It is rare to see a company fall from grace as quickly as Hewlett-Packard (NYSE:HPQ) has over the past several years. The company that essentially created Silicon Valley is now a shadow of its former self. The collapse of its stock price has destroyed billions in value built over decades. HP has lost over 70% of its value in just the last 5 years, as the company's leadership position in its various markets withers away.
(click to enlarge)Perhaps more alarming is the fact that HP is no longer seen as the Valley's innovation leader. That torch has been passed to smaller, more nimble companies, as well as other technology giants such as Apple (NASDAQ:AAPL) and Google (NASDAQ:GOOG). While CEO Meg Whitman is devoting all her energy to turning the company around, many investors are starting to wonder if it is enough. That is why UBS's call to break HP apart generated such buzz in the markets. But is it the right course of action for the venerable technology company? In this article, we explore whether or not a breakup is what HP should pursue, and we will discuss the company's valuation, its financial state, and its market position.

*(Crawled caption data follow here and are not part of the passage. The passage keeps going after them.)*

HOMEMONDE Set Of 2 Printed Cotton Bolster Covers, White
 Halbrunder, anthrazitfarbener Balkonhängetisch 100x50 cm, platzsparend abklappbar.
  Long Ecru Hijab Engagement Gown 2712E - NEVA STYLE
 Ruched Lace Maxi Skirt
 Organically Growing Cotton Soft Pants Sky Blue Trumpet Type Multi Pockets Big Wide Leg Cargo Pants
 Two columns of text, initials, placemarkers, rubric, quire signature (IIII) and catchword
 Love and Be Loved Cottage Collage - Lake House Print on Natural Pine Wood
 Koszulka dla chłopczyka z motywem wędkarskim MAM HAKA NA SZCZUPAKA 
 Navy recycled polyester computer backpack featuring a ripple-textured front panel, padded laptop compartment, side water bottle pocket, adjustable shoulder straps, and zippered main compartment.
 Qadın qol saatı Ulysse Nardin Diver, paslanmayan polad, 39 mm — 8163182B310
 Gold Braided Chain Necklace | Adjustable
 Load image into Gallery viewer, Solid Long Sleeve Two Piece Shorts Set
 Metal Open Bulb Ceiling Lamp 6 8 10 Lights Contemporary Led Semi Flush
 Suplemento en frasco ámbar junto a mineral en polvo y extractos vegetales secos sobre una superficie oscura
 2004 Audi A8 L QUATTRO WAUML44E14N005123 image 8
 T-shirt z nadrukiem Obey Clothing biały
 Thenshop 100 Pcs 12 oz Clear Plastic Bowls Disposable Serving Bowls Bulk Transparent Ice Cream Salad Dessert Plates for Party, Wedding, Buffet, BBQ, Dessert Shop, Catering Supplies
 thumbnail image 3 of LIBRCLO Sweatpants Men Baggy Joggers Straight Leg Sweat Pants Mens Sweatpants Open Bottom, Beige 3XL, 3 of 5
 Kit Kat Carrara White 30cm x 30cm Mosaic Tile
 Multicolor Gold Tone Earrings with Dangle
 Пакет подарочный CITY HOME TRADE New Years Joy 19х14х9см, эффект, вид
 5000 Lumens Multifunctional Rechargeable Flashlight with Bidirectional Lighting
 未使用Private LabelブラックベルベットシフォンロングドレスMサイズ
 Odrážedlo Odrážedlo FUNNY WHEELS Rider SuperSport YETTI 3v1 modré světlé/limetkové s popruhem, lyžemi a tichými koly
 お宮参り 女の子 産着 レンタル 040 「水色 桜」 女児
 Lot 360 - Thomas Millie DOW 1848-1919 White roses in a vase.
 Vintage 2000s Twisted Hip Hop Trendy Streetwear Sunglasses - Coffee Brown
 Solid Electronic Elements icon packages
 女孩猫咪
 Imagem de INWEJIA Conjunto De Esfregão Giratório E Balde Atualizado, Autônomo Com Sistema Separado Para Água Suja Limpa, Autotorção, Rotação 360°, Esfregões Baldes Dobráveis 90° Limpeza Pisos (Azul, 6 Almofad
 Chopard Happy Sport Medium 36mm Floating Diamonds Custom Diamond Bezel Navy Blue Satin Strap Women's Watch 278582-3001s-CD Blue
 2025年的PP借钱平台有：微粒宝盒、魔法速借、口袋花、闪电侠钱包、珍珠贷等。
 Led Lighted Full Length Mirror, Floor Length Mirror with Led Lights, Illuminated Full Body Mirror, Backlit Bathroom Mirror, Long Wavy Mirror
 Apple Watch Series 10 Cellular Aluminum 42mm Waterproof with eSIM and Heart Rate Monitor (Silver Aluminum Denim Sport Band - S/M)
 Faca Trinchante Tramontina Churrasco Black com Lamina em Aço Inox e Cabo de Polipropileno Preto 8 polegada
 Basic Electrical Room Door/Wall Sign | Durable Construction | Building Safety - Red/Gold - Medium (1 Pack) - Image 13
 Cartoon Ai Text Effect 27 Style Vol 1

UBS's Call: Breaking Up Unleashes HP's Potential
On October 8, UBS analyst Steve Milunovich issued an updated note on HP, arguing that the company needs to break itself apart. Milunovich argues that HP's various divisions are "whales packed into the same pond," and that they are choking each other's potential. Milunovich, who has a sell rating on HP, calculates that HP's various divisions are worth $20 per share when broken apart into independent companies. That valuation represents upside of 38.31%, based on HP's closing price of $14.46 on October 8.
Milunovich refutes the argument that HP needs to keep its divisions integrated in order to preserve purchasing power, saying that even if the company loses it, the upside of increased focus and brand equity would more than offset reduced purchasing power. Furthermore, UBS argues that HP's dysfunctional corporate governance is choking off the potential of the company's stronger divisions, writing that, "Unlocking the value of $20 means breaking the notion that the various parts of HP - printers, PCs, services - operate independently. In fact, the problem is they are dependent - somewhat on each other but mostly on corporate management...They reside within one company, sharing management, systems, and overhead while competing for resources at the same trough." Furthermore, UBS believes that HP is "in denial" about the growth prospects of its PC and printer business, and that the company's debt level (which we will discuss later) is one among primary things that are choking off HP's ability to resolve its issues.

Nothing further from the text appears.